**Given data:**
· · · · · · ·

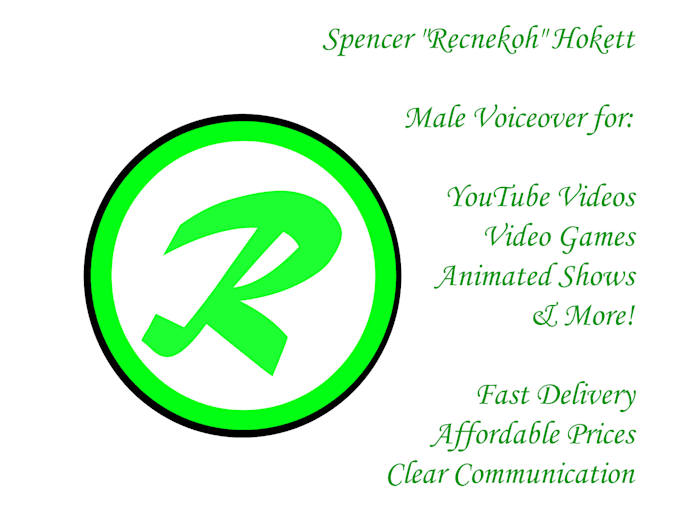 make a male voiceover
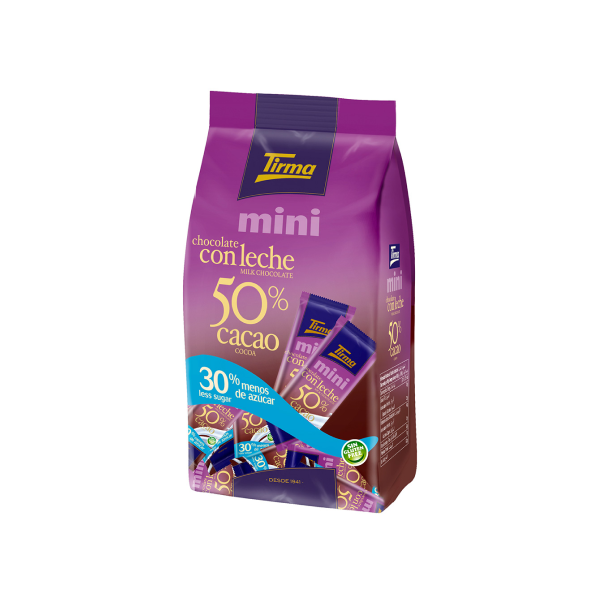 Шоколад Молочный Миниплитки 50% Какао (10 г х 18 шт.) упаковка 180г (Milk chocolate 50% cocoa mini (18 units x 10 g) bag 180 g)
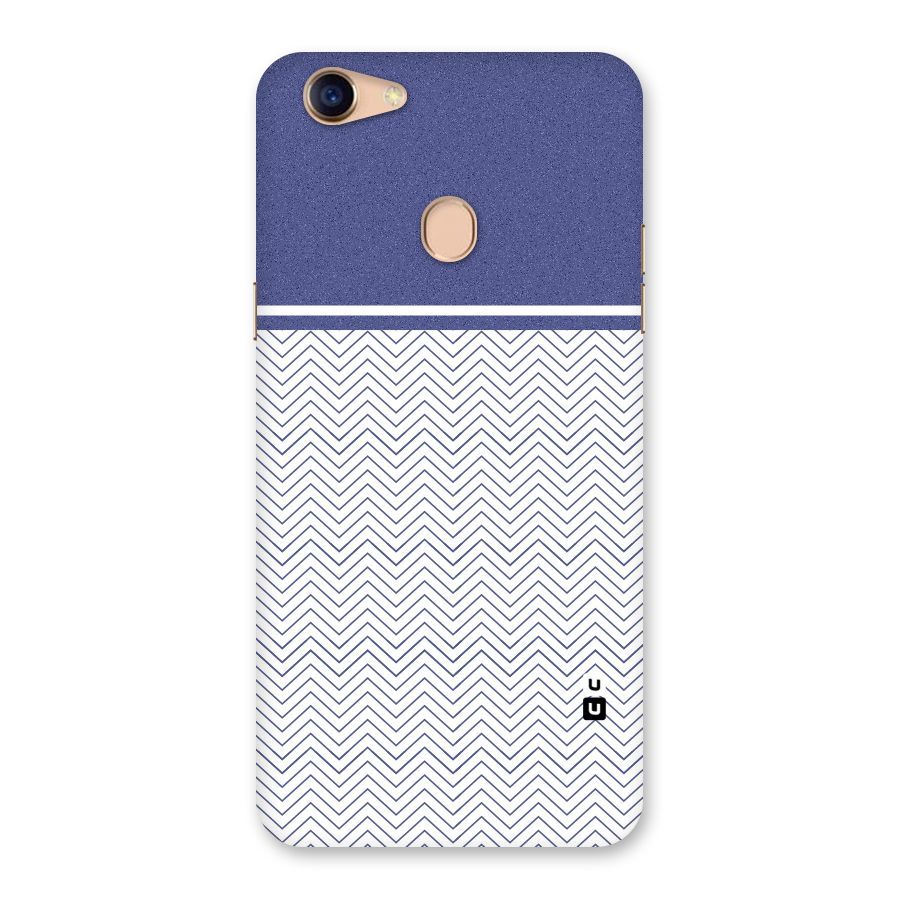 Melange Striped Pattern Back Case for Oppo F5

· · · · · · ·

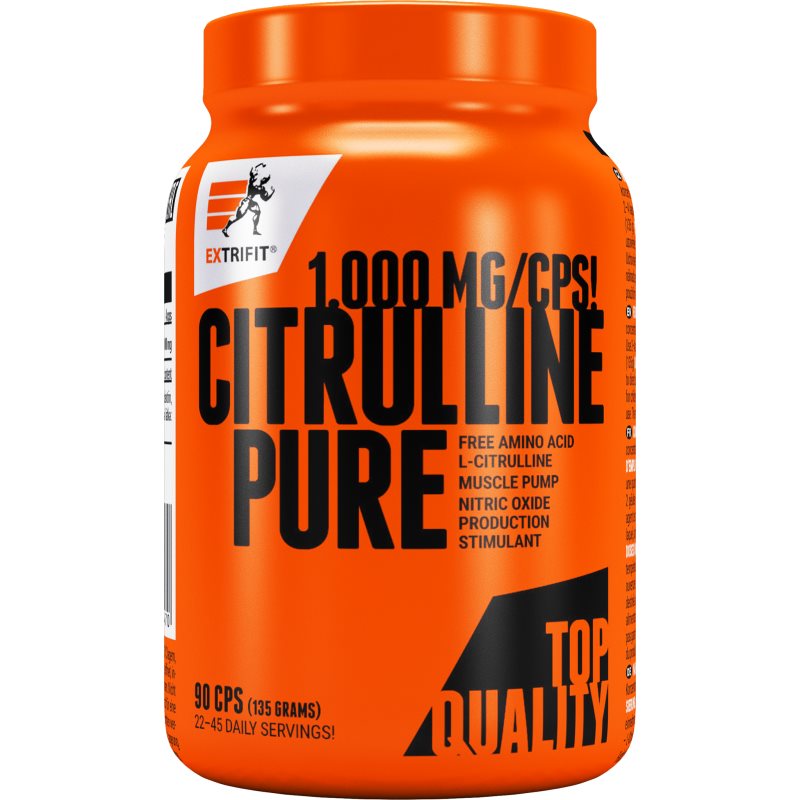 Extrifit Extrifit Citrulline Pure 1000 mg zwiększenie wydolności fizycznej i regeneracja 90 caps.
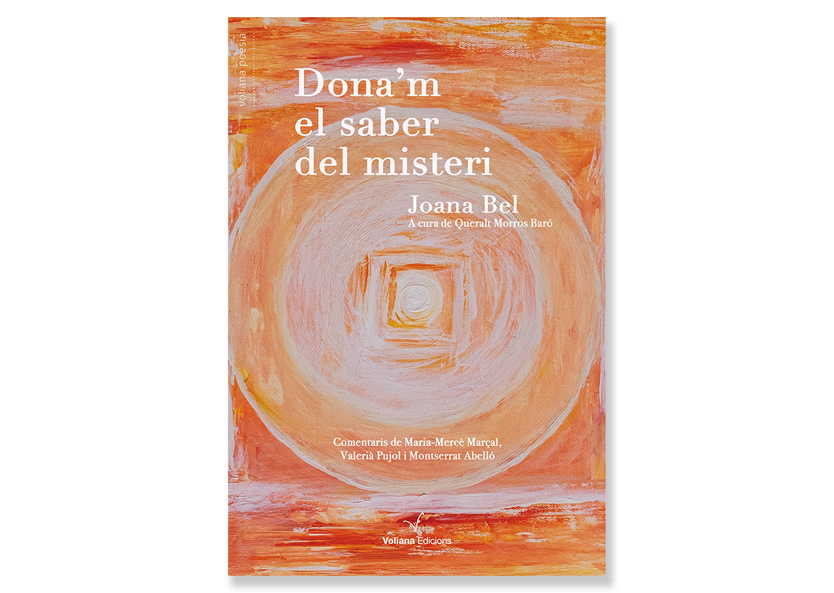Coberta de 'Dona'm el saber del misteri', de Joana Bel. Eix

· · · · · · ·

**Task details:** From the line containing "make a male voiceover" through the line containing "Melange Striped Pattern", copy every line above exactly, without pictures.

**Solution:**
 make a male voiceover
 Шоколад Молочный Миниплитки 50% Какао (10 г х 18 шт.) упаковка 180г (Milk chocolate 50% cocoa mini (18 units x 10 g) bag 180 g)
 Melange Striped Pattern Back Case for Oppo F5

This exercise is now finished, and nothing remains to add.